Lieberman is Israel's foreign minister. The government is dominated by hawks but the newly truncated Labor is a junior member, its leader, Ehud Barak, serving as minister of defense.

Israel's Arabs are far from homogenous. Most are Muslims, but some, like Hilou, are Christian. A small minority, made up of Druse Arabs and some members of Bedouin tribes, serves in Israel's military. Some live only among Arabs, others in mixed cities like Jaffa.

The 11 representatives of Arab parties in Israel's parliament are split into three fractious groupings. Some of their more outspoken members have expressed support for armed struggle against the Jewish state.

Those policies only serve to infuriate mainstream Israeli Jews and provide fodder for Lieberman's supporters, Hilou said. Their protests against discrimination are just, Hilou said, "but the question is how you say it and what happens next."

Hilou has had many opportunities, she said, but she and her family still face the humiliations of Arab life in Israel.

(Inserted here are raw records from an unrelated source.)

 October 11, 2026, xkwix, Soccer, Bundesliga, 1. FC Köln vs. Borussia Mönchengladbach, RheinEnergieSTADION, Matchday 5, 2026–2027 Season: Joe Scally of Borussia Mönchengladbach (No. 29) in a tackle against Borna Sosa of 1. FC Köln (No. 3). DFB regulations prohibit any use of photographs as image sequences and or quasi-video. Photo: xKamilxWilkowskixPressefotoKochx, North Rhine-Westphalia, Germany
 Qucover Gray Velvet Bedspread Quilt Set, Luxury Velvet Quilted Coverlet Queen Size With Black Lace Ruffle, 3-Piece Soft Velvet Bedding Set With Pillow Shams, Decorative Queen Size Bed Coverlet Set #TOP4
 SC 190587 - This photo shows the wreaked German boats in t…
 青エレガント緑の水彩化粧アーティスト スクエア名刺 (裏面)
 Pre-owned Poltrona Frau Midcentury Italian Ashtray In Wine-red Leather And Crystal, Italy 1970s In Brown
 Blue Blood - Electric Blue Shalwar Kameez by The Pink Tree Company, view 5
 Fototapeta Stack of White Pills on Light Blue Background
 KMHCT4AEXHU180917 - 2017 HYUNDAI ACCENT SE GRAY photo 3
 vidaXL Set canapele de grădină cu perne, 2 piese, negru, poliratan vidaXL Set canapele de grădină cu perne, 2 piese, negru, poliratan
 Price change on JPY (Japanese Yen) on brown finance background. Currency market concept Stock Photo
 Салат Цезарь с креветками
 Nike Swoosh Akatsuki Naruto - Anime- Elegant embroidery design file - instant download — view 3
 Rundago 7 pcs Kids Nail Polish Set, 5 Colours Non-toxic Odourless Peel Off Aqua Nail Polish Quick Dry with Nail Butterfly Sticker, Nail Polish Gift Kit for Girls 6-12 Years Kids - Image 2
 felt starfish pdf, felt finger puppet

Her twin daughters, she said, were recently "treated like terrorists" at Israel's international airport, and her son-in-law saw an engineering job opening mysteriously disappear when the potential employer saw the Arab name on his CV.

While enjoying equal rights under the law, Arabs suffer from discrimination in government budgets and employment. They have also largely been blocked from moving into rural Jewish communities because of admittance rules and bylaws designed to keep them out.

The anger felt by many Arabs manifested itself in the recent poll carried out by Haifa University sociologist Sammy Smooha. In Smooha's first annual survey in 2003, 81 percent of Israeli Arabs said they supported Israel's right to exist.

In this year's poll, with an error margin of 3.7 percentage points, it dropped to 54 percent, a sign of protest, he said.

Yet many Arabs appreciate Israel's relative prosperity and its democracy. None of the anti-Arab bills introduced recently appear to have a real chance of becoming law, and the proposed loyalty oath was rejected by a committee of Cabinet ministers before it ever reached parliament.

In Smooha's poll, 57 percent described Israel as a good place to live, a seemingly contradictory finding that suggests Hilou's belief in Jewish-Arab coexistence is not a lost cause.

"Being an Arab in Israel means holding very complex views," Smooha said.